Samsung Galaxy Note 7
In picture: An outdoor advertisement, promoting Samsung Electronics' Galaxy Note 7, installed atop a building is seen in central Seoul, South Korea, October 11, 2016.Reuters

Samsung on Tuesday, October 11, pulled the plug on its Galaxy Note 7 smartphone amid continued complaints of explosion in the phablet.

This means it will not only stop manufacturing the phone but also pull all Galaxy Note 7 pieces off the shelves. However, there seems to be some ambiguity on what will happen to the phones that have already been sold and are currently in use.

Experts believe the move to scrap the phone was propelled by the understanding that there had been enough blow back from the smartphone and the incidents surrounding it, and things could get much worse if there was any loss of life due to the phone.

The decision could cost the company both in cash and kind, because the phone had been released barely two months ago.
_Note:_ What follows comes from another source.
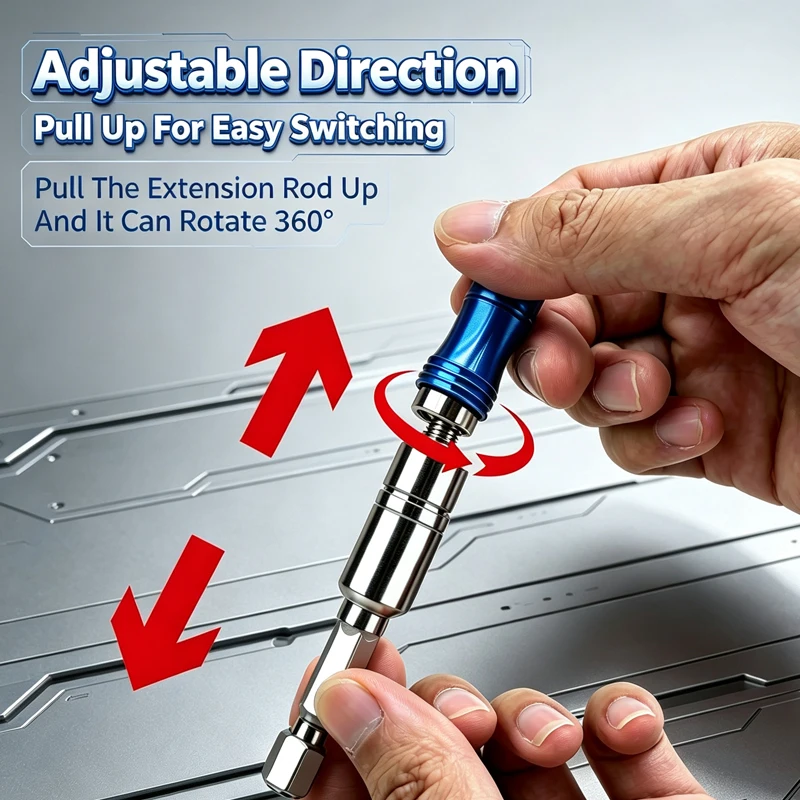 20° Angled Magnetic Bit Extension Bar 360° Rotatable 1/4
Also, Samsung's hitherto image of a company that builds "safe" phones will also take a hit, given how even replacements to faulty original Galaxy Note 7 phones exploded.

"(We) have decided to halt production and sales of the Galaxy Note 7 in order to consider our consumers' safety first and foremost," Reuters quoted the South Korea-based firm as saying in a filing to the Seoul stock exchange.

Samsung's decision to pull Note 7 off the shelves not only raises fresh doubts about the firm's quality control but could result in huge financial and reputational costs. Analysts say a permanent end to Note 7 sales could cost Samsung up to $17 billion and tarnish its other phone products in the minds of consumers and carriers.

Meanwhile, Samsung shares have been falling heavily in the wake of the the company's earlier decisions surrounding the phone. The company is now believed to be gearing up to launch the flagship Galaxy S8 smartphone in February next year, possibly in a bid to douse the flames of the Note 7 controversy.